## Work item
Among the lines below, keep only those from the one containing "Photo 1 of MOSAIC" through the one containing "MIL Bob Uecker", and reproduce them exactly.

## Source data
-----

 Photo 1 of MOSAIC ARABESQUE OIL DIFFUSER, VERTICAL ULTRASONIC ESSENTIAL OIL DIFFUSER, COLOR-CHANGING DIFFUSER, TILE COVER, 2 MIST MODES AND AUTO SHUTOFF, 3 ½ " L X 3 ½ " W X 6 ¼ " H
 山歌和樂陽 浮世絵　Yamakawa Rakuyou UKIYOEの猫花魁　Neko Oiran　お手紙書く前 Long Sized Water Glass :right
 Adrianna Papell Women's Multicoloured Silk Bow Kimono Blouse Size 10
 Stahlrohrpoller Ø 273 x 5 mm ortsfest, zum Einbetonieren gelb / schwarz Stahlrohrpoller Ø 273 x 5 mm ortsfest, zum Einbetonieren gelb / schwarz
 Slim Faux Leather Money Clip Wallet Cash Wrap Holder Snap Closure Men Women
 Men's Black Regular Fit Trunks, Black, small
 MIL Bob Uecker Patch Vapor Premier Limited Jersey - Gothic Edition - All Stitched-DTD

-----

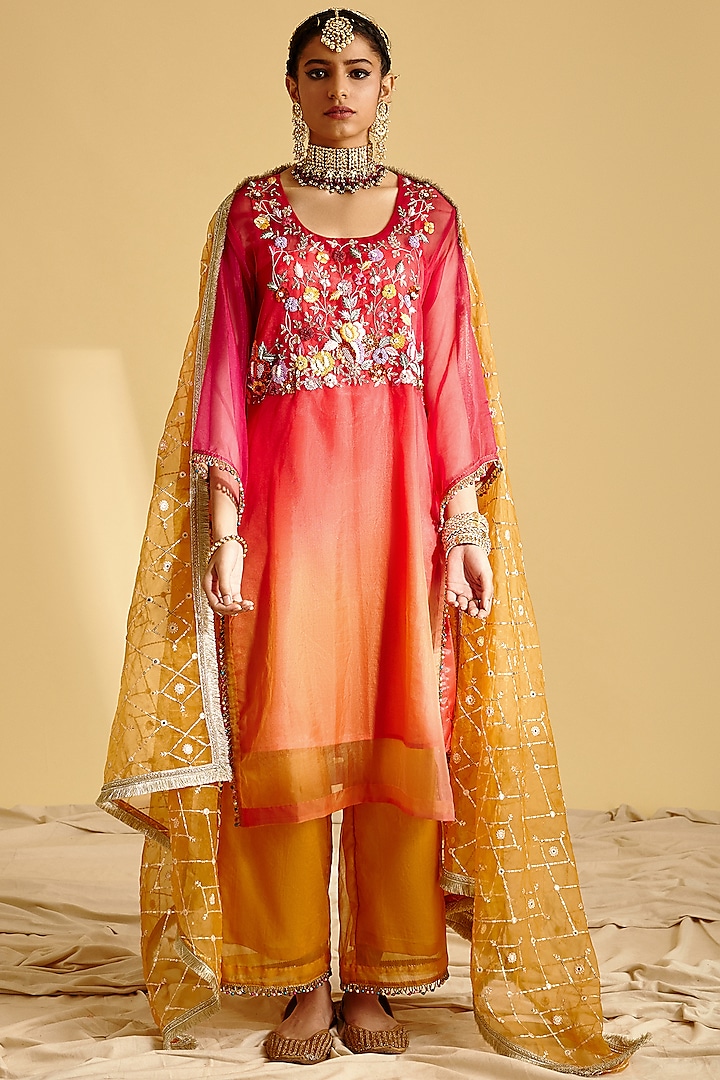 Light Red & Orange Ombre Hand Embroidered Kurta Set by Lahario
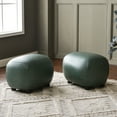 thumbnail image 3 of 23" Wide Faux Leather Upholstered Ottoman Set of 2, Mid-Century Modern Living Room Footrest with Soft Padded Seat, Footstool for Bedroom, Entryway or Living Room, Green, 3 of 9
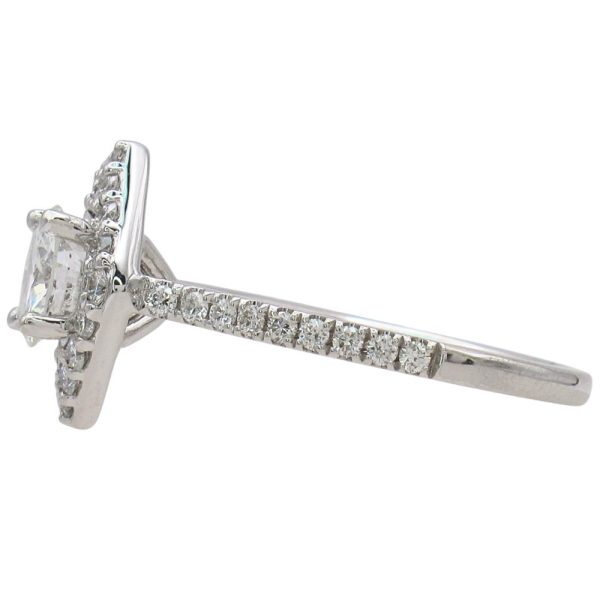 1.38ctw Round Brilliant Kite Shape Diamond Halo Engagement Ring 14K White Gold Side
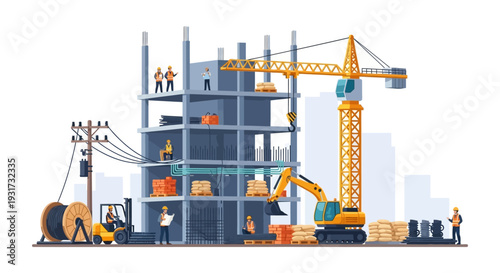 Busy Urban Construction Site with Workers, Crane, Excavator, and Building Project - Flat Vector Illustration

-----

## Problem solution
 Photo 1 of MOSAIC ARABESQUE OIL DIFFUSER, VERTICAL ULTRASONIC ESSENTIAL OIL DIFFUSER, COLOR-CHANGING DIFFUSER, TILE COVER, 2 MIST MODES AND AUTO SHUTOFF, 3 ½ " L X 3 ½ " W X 6 ¼ " H
 山歌和樂陽 浮世絵　Yamakawa Rakuyou UKIYOEの猫花魁　Neko Oiran　お手紙書く前 Long Sized Water Glass :right
 Adrianna Papell Women's Multicoloured Silk Bow Kimono Blouse Size 10
 Stahlrohrpoller Ø 273 x 5 mm ortsfest, zum Einbetonieren gelb / schwarz Stahlrohrpoller Ø 273 x 5 mm ortsfest, zum Einbetonieren gelb / schwarz
 Slim Faux Leather Money Clip Wallet Cash Wrap Holder Snap Closure Men Women
 Men's Black Regular Fit Trunks, Black, small
 MIL Bob Uecker Patch Vapor Premier Limited Jersey - Gothic Edition - All Stitched-DTD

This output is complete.